## INFORMATION PROVIDED:
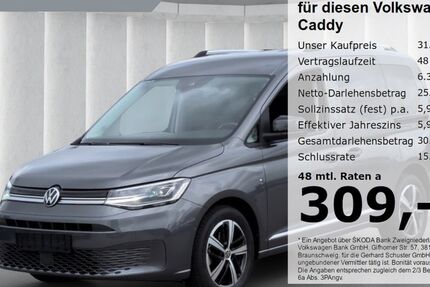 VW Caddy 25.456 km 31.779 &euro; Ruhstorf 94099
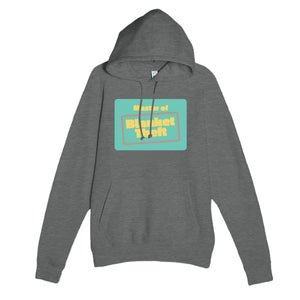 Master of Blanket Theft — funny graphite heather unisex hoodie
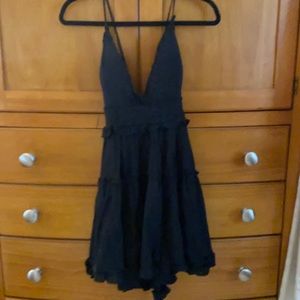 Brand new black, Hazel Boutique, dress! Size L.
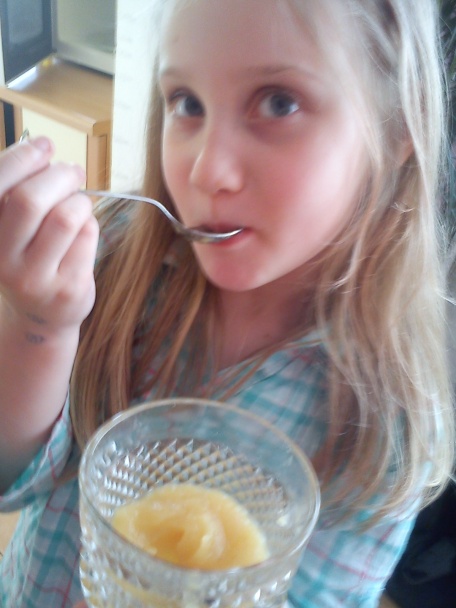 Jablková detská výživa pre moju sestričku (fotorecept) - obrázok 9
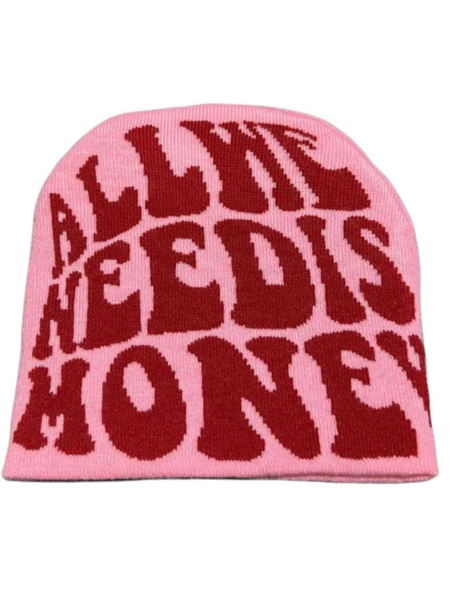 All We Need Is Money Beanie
* * *
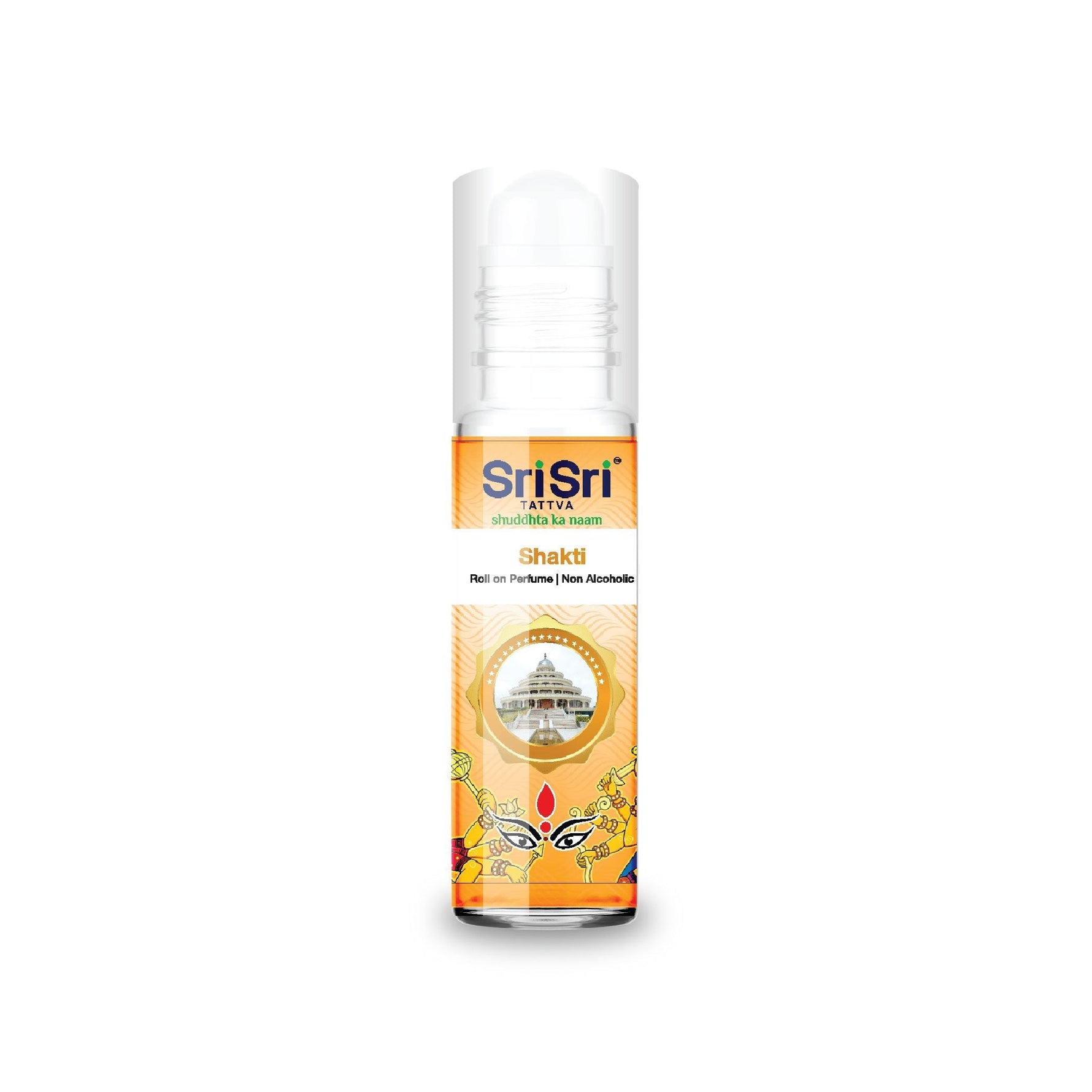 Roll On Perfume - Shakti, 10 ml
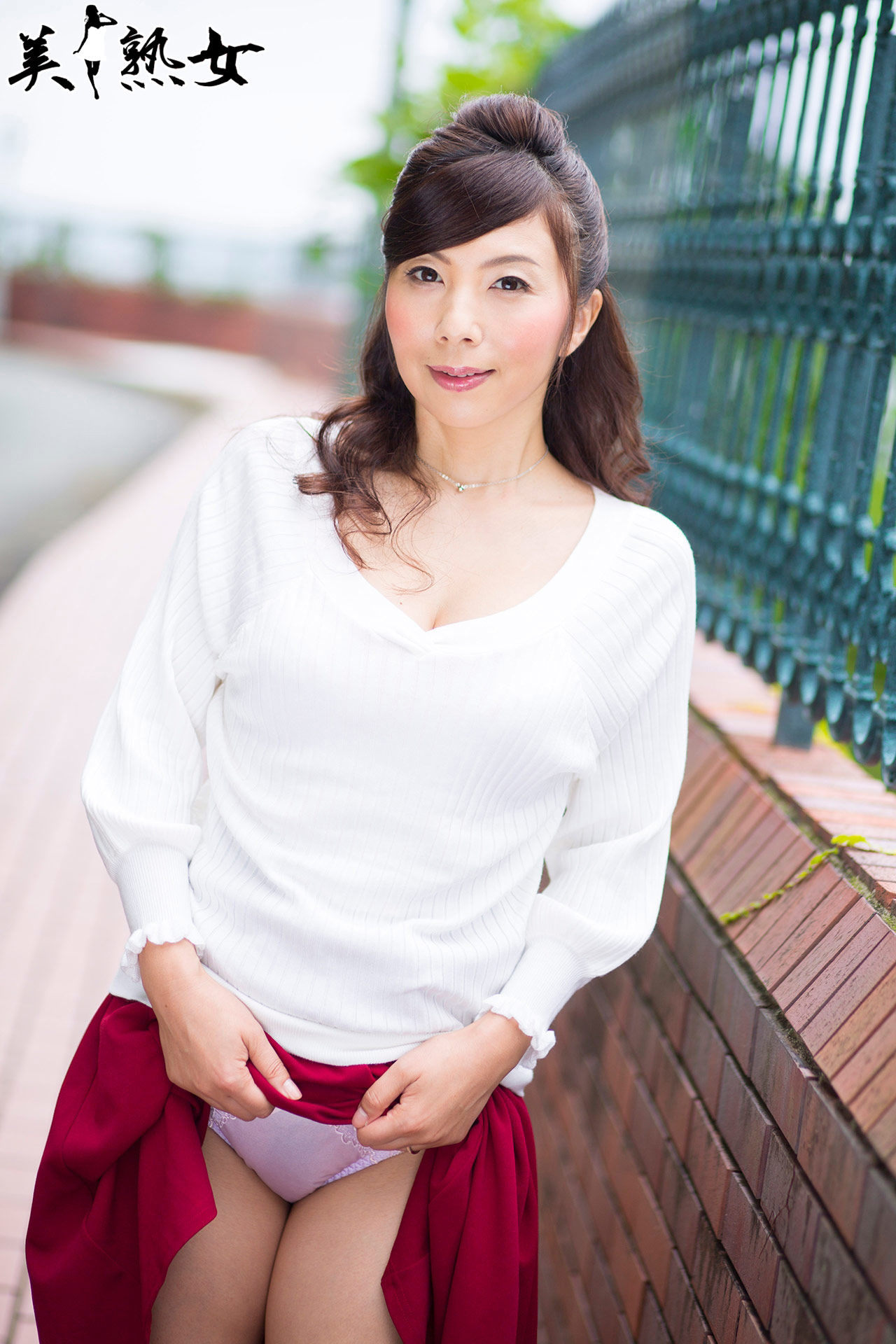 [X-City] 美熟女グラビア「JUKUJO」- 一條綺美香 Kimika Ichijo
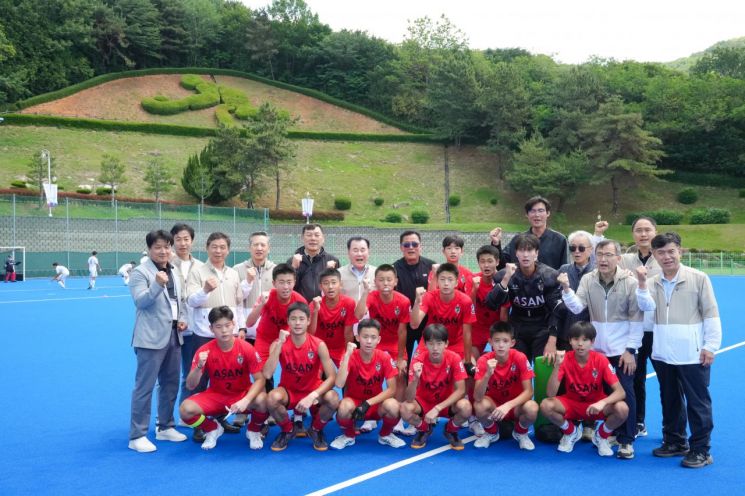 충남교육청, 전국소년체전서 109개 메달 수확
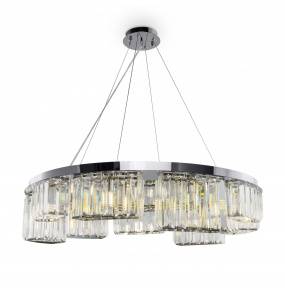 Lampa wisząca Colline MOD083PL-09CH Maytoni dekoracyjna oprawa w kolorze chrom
==
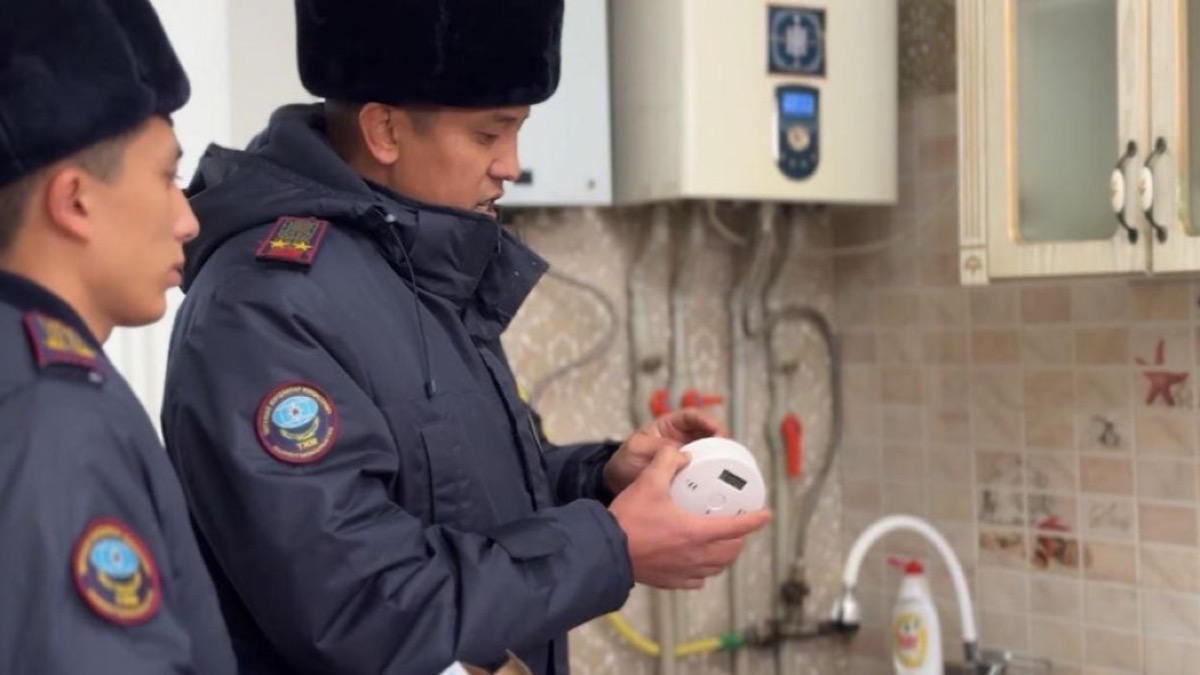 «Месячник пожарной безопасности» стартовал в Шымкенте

## TASK TO COMPLETE:
Would you output only the span of the records above that opens with the line containing "VW Caddy 25.456" and closes with the line containing "All We Need Is Money Beanie", ends included and pictures dropped?

## RESPONSE BELOW:
 VW Caddy 25.456 km 31.779 &euro; Ruhstorf 94099
 Master of Blanket Theft — funny graphite heather unisex hoodie
 Brand new black, Hazel Boutique, dress! Size L.
 Jablková detská výživa pre moju sestričku (fotorecept) - obrázok 9
 All We Need Is Money Beanie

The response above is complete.